CREATING A NEW CONFIG
We have a script that we want to execute when the server is booting up. We’re going to keep it in /etc/init.d/ even
though that directory isn’t really “processing” scripts from there.
– Create /etc/systemd/system/foobar.conf with the following text:

[Unit]
Description=Foobar
ConditionFileIsExecutable=/etc/init.d/foobar

[Service]
Type=simple
ExecStart=/etc/init.d/foobar start
RemainAfterExit=yes

[Install]
WantedBy=multi-user.target

– systemctl daemon-reload

Pay attention to the ‘Type’ of program: https://www.freedesktop.org/software/systemd/man/systemd.service.html#Type=

Good example of postfix.service file:
https://access.redhat.com/documentation/en-US/Red_Hat_Enterprise_Linux/7/html/System_Administrators_Guide/sect-Managing_Services_with_systemd-Unit_Files.html#exam-Managing_Services_with_systemd-postfix_unit_file

Other unit config example: https://coreos.com/docs/launching-containers/launching/getting-started-with-systemd/
Documentation on unit config file: https://www.freedesktop.org/software/systemd/man/systemd.unit.html
List of directives in unit config file: https://www.freedesktop.org/software/systemd/man/systemd.directives.html
ENV variable examples: https://coreos.com/os/docs/latest/using-environment-variables-in-systemd-units.html
More ENV examples: http://serverfault.com/questions/413397/how-to-set-environment-variable-in-systemd-service

NOTE: any time you make a chance to any file in either /usr/lib/systemd/system or /etc/systemd/system, you need to run: ‘systemctl daemon-reload’

TARGETS
– multi-user.target is run-level 3; I didn’t bother to learn how to do the other crap
– More: https://wiki.archlinux.org/index.php/systemd#Targets

OVERRIDING AN EXISTING SYSTEM UNIT IN /usr/lib/systemd/system
– run: systemctl edit —full [unit]
OR
– to override /usr/lib/systemd/system/[unit]
– create /etc/systemd/system/[unit]
– then run: systemctl reenable [unit]

ADDING/OVERRIDING A SNIPPET OF AN EXISTING SYSTEM UNIT
– run: systemctl edit [unit] (which creates /etc/systemd/system/[unit.d]/override.conf)
OR
– to add/edit a snippet for /usr/lib/systemd/system/[unit]
– create: /etc/systemd/system/[unit.d]
– put a .conf file with the unit config overrides (ex: /etc/systemd/system/[unit.d]/override.conf
– systemctl daemon-reload

CAVEAT: For ‘ExecStart’ changes, you need to clear the variable first in the snippet, then define it again. Example:

/etc/systemd/system/unit.d/override.conf
[Service]
ExecStart=
ExecStart=new command

DEBUGGING
https://wiki.archlinux.org/index.php/systemd#Troubleshooting
https://fedoraproject.org/wiki/How_to_debug_Systemd_problems

iOS ‘Storage is Full’ error

Symptom: you get the dreaded ‘Storage is Full’ error, even though you confirm that you have multiple gigs of space remaining.

Probable resolution: there’s a bug in iOS where when there’s a new iOS version and it’s automatically downloaded to your device, it chews up any/all disk space for some reason. If you delete the new iOS downloaded version, it will clear up the problem. This bug has bitten me several times and it’s annoying.
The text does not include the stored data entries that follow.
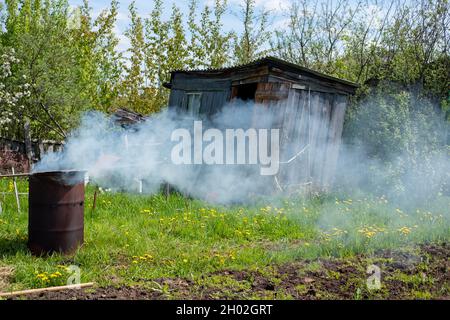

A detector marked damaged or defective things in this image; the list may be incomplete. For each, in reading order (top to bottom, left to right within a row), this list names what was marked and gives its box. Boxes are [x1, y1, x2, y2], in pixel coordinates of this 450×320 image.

rusty metal barrel [28, 170, 86, 255]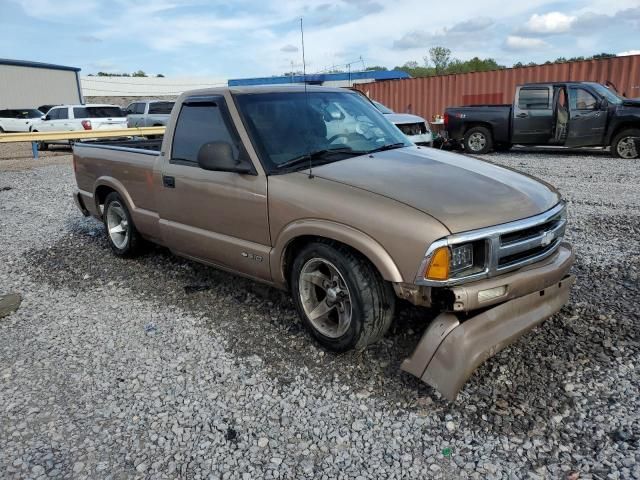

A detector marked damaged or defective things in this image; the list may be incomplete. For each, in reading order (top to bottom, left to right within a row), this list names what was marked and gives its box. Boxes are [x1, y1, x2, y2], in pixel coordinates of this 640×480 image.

rusty shipping container [356, 54, 640, 123]
damaged front bumper [400, 242, 576, 400]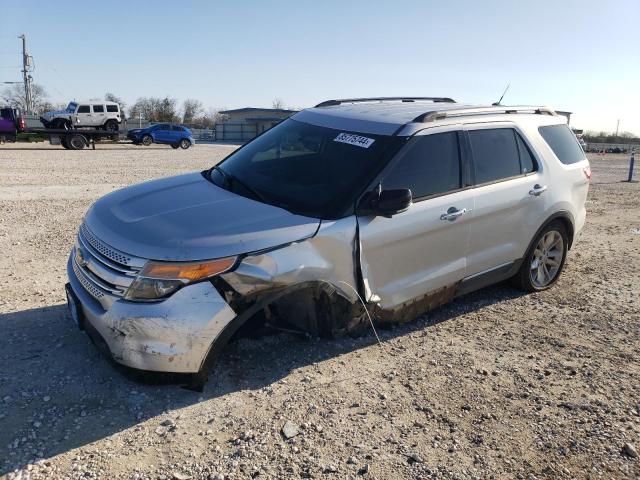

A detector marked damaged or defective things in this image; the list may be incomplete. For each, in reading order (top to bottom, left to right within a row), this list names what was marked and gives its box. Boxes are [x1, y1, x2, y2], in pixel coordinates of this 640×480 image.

crumpled hood [85, 172, 322, 260]
damaged ford explorer [65, 96, 592, 386]
cracked front bumper [66, 256, 236, 374]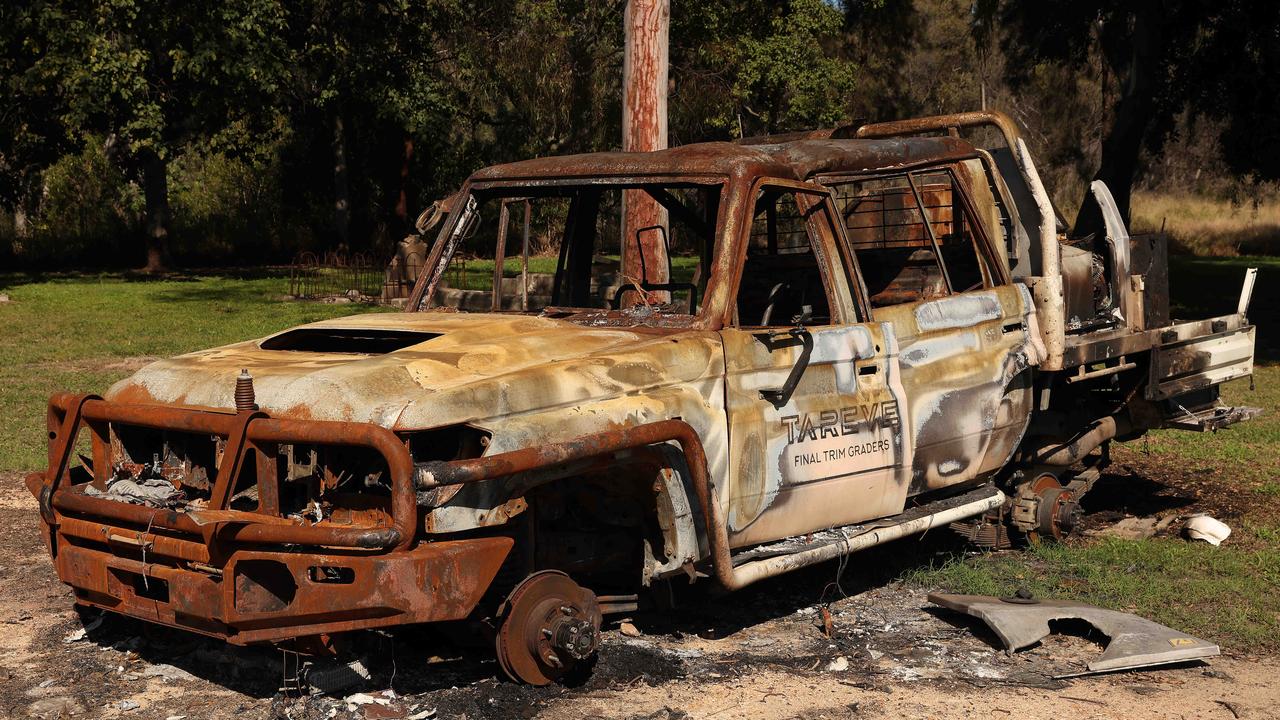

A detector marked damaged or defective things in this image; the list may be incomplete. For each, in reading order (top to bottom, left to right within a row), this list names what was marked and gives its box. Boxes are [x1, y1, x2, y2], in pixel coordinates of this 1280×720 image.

fire damage [22, 109, 1264, 684]
burnt-out truck [27, 111, 1264, 680]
CS Cart Devops and Deployment

I’ve been working with CS Cart quite a bit these past few months, and while it’s been painful (which is readily apparent to those PHP 5.5+ programmers who’ve had to work with it), I’m starting to get parts of it wrangled into place and I’d like to share some of those tips with you.

[NOTE: the version of CS Cart I’m working with has some significant internal data structure modifications to better align the product with our needs, but almost everything I discuss going forward should be applicable]

First, trying to get a proper devops development -> staging -> QA -> production environment has been a struggle. It’s very similar in deployment to WordPress in that most of the configuration is stored in a database table, and it’s hostname-based.

Single Developer Devops

In a single developer environment, your devops flow is pretty simple – you’re developing locally (something like admin.domain.dev), hopefully in a Vagrant environment, and you may or may not be syncing your production database to your local dev environment, transmogrifying the domain. In fact, you don’t even have to include Github in the loop – you could push directly to the production server.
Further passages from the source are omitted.